Dataset Start Marker

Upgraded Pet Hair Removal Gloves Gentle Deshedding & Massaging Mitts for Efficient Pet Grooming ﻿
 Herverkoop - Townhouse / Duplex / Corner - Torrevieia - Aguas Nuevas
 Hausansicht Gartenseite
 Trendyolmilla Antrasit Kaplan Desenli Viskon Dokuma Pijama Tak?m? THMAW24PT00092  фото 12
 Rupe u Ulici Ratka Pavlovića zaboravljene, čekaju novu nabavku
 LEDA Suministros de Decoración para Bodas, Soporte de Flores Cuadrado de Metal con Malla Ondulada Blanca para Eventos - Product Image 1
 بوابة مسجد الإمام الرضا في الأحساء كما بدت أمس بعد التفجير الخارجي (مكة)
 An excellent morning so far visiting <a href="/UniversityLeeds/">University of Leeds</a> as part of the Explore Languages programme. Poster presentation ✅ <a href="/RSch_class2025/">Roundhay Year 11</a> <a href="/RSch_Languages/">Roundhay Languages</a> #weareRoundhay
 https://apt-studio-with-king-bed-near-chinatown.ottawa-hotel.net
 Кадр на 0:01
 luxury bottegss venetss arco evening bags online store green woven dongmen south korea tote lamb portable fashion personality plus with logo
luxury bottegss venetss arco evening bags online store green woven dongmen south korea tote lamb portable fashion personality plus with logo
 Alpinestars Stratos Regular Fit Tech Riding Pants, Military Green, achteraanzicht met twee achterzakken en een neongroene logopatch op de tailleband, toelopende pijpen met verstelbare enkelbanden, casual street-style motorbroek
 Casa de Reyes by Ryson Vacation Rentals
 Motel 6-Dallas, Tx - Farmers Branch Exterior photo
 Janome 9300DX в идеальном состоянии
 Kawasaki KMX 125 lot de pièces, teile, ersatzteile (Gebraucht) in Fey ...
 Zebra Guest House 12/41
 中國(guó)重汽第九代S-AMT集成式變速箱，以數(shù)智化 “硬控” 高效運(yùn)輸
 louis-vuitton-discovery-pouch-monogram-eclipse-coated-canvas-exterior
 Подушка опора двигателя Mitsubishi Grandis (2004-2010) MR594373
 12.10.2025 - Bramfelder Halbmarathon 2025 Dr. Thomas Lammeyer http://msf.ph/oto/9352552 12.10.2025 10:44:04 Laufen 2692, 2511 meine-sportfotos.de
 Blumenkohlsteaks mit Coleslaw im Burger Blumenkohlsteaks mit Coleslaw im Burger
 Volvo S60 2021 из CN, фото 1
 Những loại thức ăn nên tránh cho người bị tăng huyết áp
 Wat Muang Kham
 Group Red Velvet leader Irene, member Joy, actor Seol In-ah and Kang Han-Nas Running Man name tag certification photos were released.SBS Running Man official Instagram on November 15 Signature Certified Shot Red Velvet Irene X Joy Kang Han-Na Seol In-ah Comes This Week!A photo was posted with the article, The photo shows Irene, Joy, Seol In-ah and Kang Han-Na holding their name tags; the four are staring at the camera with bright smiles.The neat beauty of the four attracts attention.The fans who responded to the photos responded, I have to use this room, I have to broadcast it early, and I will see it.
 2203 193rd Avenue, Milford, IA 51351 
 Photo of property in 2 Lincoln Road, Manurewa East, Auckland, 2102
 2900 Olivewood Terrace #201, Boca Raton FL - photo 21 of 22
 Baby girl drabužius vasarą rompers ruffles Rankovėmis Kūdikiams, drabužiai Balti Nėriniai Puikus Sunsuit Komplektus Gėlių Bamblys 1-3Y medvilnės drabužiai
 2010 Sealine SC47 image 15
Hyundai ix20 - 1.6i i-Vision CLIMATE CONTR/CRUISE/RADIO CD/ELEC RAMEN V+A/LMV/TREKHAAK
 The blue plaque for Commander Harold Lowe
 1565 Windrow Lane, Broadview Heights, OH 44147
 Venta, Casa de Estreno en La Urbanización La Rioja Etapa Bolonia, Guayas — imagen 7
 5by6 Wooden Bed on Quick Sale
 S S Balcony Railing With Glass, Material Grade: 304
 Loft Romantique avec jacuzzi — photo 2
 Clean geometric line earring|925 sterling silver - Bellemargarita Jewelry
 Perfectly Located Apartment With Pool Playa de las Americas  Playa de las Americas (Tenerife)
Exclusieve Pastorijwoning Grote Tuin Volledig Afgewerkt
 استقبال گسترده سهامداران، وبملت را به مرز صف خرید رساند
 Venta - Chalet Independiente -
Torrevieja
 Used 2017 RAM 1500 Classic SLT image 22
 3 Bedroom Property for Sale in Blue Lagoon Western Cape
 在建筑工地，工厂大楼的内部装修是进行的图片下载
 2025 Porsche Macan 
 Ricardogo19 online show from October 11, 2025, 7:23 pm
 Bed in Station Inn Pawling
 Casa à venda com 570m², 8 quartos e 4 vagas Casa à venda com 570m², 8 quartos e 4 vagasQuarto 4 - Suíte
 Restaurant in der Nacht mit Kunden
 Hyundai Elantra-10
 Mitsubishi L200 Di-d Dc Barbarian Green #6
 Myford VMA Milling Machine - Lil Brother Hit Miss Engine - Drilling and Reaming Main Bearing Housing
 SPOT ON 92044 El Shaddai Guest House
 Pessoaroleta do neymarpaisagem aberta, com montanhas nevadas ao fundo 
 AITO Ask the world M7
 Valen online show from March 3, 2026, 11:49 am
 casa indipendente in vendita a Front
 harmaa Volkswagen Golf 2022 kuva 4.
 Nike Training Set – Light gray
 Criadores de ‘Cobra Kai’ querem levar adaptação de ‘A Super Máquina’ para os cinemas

Dataset End Marker

> **Activity**
Of all the entries above, output exactly the lines between the one holding "SPOT ON 92044 El Shaddai Guest House" and the one holding "Nike Training Set – Light gray", inclusive.

> **Answer box**
 SPOT ON 92044 El Shaddai Guest House
 Pessoaroleta do neymarpaisagem aberta, com montanhas nevadas ao fundo 
 AITO Ask the world M7
 Valen online show from March 3, 2026, 11:49 am
 casa indipendente in vendita a Front
 harmaa Volkswagen Golf 2022 kuva 4.
 Nike Training Set – Light gray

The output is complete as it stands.